Il motivo di questi ribassi a catena è semplice: la fine delle sanzioni consente all’Iran di aumentare rapidamente le proprie esportazioni di greggio in un mercato mondiale già alle prese con un eccesso di offerta. Teheran ospita circa il 10% delle riserve globali di petrolio e ha già annunciato di essere in grado di aumentare la produzione di greggio - oggi scesa a 2,7 milioni di barili al giorno dai 3,6 del 2011, prima delle sanzioni, e dai 4 milioni nel 2008 - di 500mila barili nel giro di poche settimane e di altrettanto in sei mesi. Questo ovviamente rischia di spingere ulteriormente al ribasso i prezzi del petrolio, già scesi ai minimi da 12 anni sotto i 30 dollari e di mettere in ulteriore difficoltà le economie del Golfo, che sono tutte greggio-dipendenti. «Il petrolio iraniano sarà sul mercato già oggi o lunedì» afferma alla Bloomberg Nayal Khan, a capo della società d’investimento Saudi Fransi Capital. Una minaccia immediata per l’economia saudita e dei loro alleati sunniti, già ai ferri corti con Teheran dopo l’esecuzione dell’imam sciita iraniano Nimr al-Nimr il 2 gennaio scorso e il successivo assalto della folla inferocita all’ambasciata saudita di Teheran.
Reazione opposta della Borsa di Teheran, che oggi guadagna l’1% dopo il +2% di sabato e tocca i massimi dallo scorso agosto. Il presidente Rohani ha detto che il governo intende attrarre 30 miliardi di dollari nei prossimi 5 anni. «Ci aspettiamo - dice Rami Rabii, capo della società d’investimenti iraniana Turquoise Partners - che l’economia iraniana cresca a un ritmo annuo del 6-8% nei prossimi anni». Se i sauditi soffrono, insomma, gli iraniani sorridono dopo aver fatto grossi sacrifici nei lunghi anni dell’embargo occidentale.
Nonostante il crollo dei prezzi l’Opec, il cartello dei Paesi produttori lo scorso dicembre non ha trovato un accordo per tagliare la produzione, sollevando critiche e sospetti che in realtà l’obiettivo dei Paesi del Golfo sia quello di mettere in crisi l’industria americana dello shale oil and gas, che in effetti comincia a traballare nei suoi anelli più deboli.
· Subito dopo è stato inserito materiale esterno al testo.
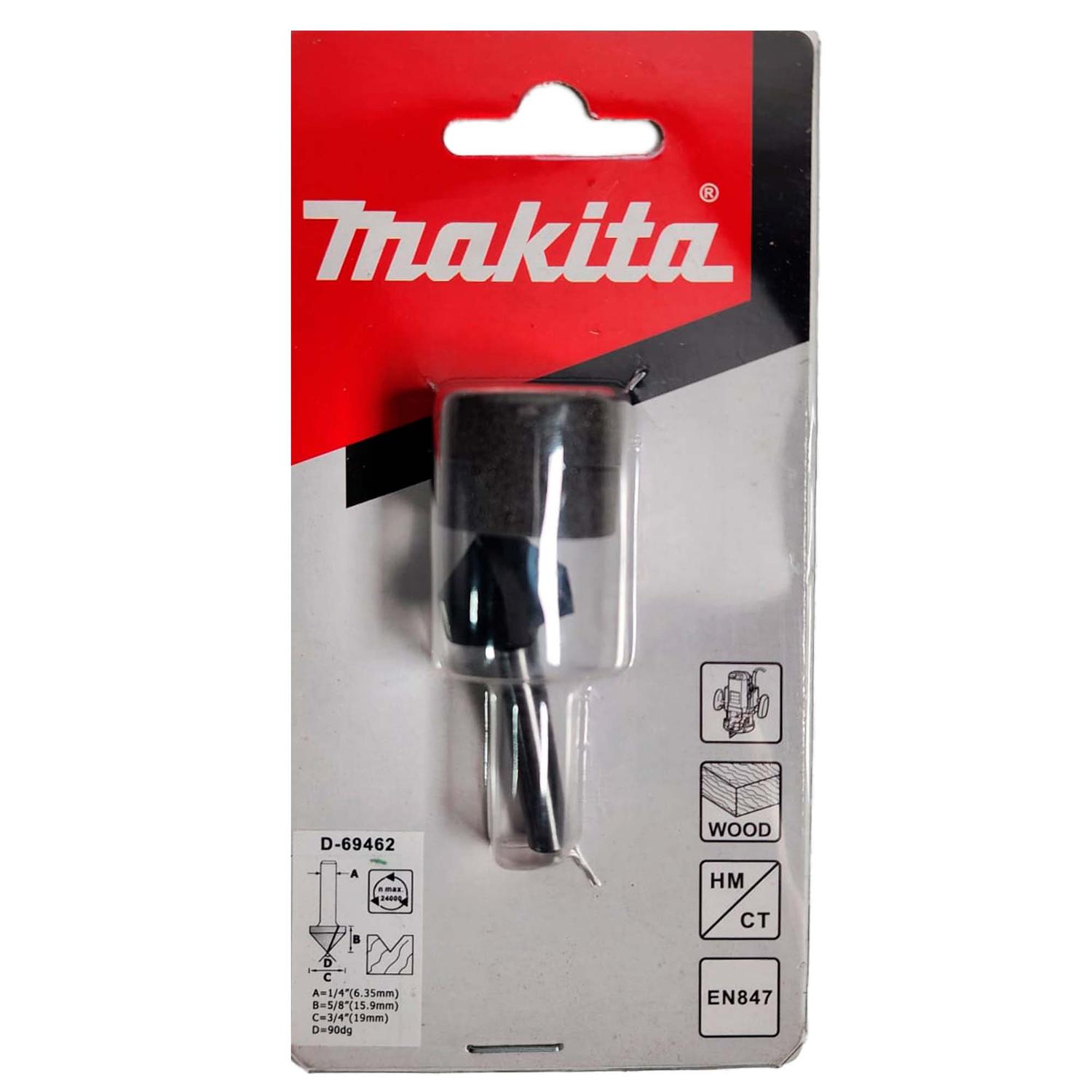 Fresa Ranurar En V 90°x3/4''x5/8'' Toma 1/4'' - Makita - Herram.cl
Di sicuro il tracollo delle quotazioni sta creando problemi anche ai sauditi, come dimostra il budget da poco varato dal Governo di Riad che taglia i sussidi energetici e apre la strada alle privatizzazioni per arginare un deficit di bilancio lievitato nel 2015 a livelli da crisi greca: il 15% del Pil.
Nonostante la bufera in corso, il ministro saudita del Petrolio Ali al-Naimi ostenta fiducia:«Sono ottimista sul futuro - ha dichiarato stamane da Riad - Le forze di mercato e la cooperazione tra i Paesi produttori conduce sempre al ritorno della stabilità. Questo tuttavia richiede un un po’ di tempo».